▶ Dataset excerpt:
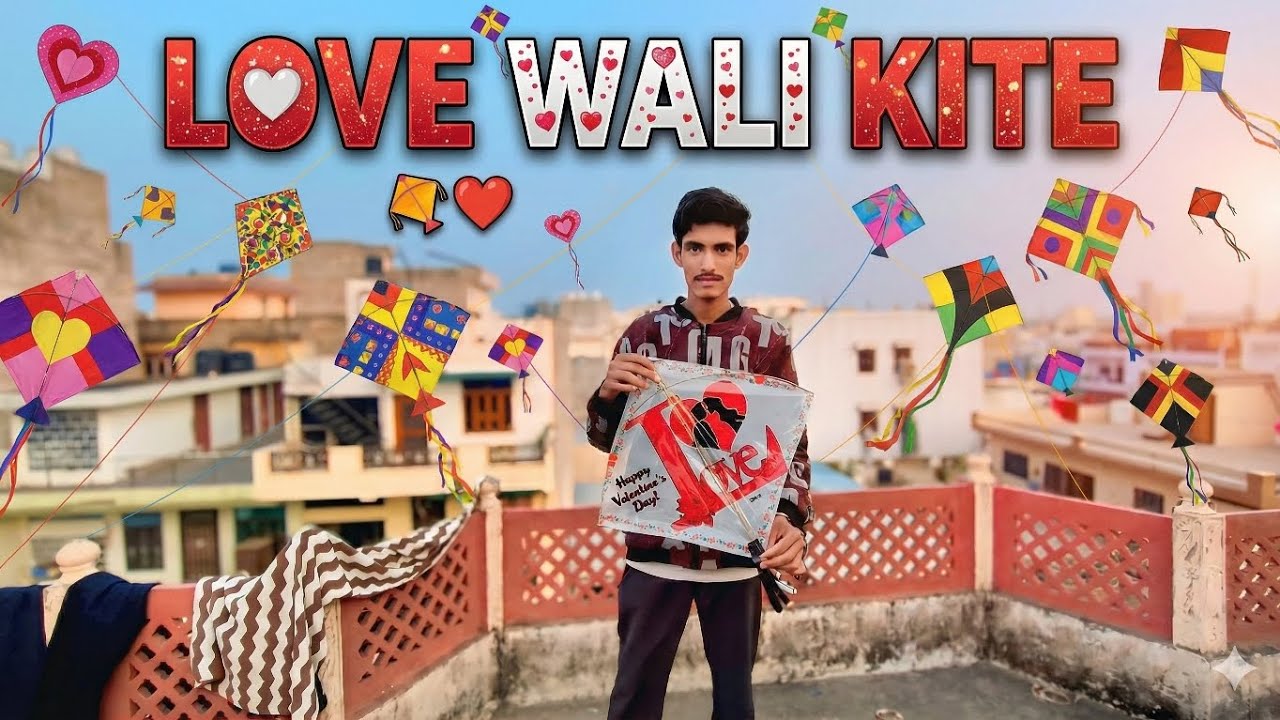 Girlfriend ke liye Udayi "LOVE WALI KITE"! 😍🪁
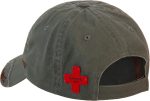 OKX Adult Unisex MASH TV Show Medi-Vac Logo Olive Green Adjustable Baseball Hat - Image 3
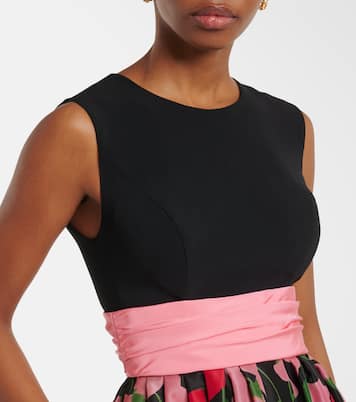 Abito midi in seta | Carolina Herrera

▶ Task directions: Write out the material above again, word for word, minus its pictures.

▶ Answer space:
 Girlfriend ke liye Udayi "LOVE WALI KITE"! 😍🪁
 OKX Adult Unisex MASH TV Show Medi-Vac Logo Olive Green Adjustable Baseball Hat - Image 3
 Abito midi in seta | Carolina Herrera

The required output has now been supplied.